▶ _ACTIVITY_
Pictures stay out; everything else in the listing below is to be restated word for word.

:: DATA SEGMENT ::

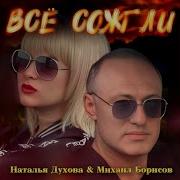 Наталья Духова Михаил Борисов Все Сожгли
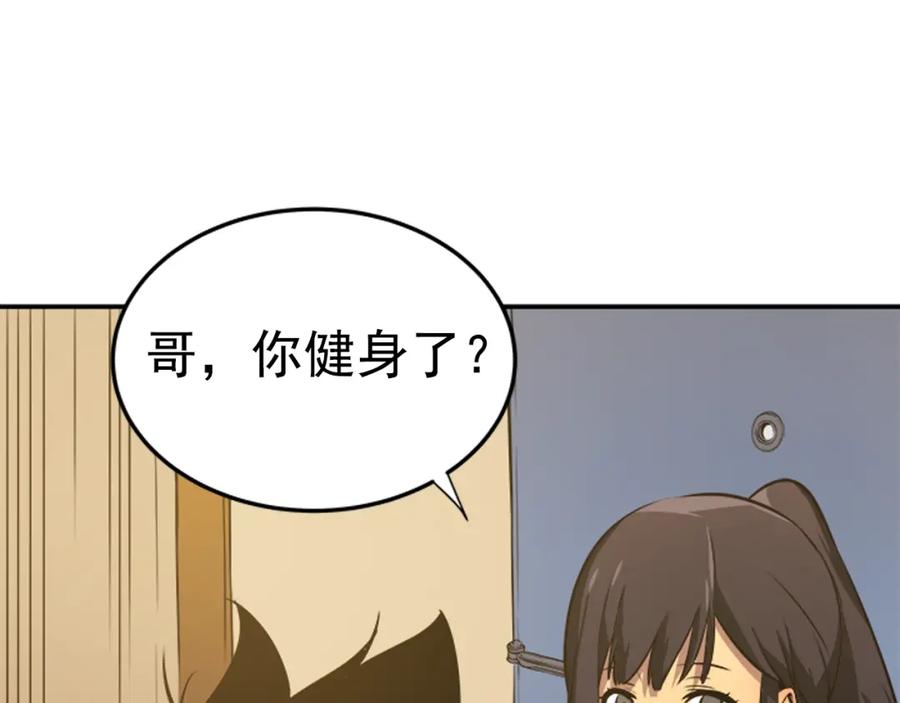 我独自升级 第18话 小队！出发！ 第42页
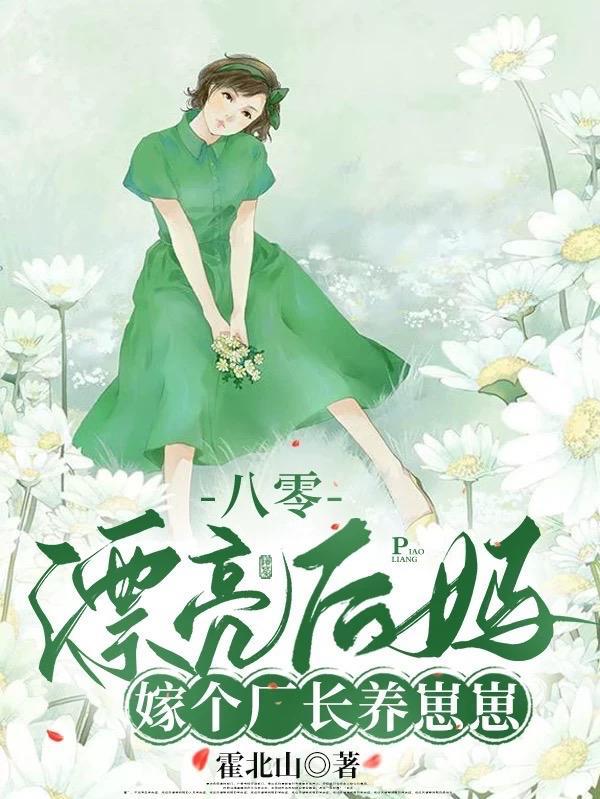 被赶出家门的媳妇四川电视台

:::

▶ _ANSWER SECTION_
 Наталья Духова Михаил Борисов Все Сожгли
 我独自升级 第18话 小队！出发！ 第42页
 被赶出家门的媳妇四川电视台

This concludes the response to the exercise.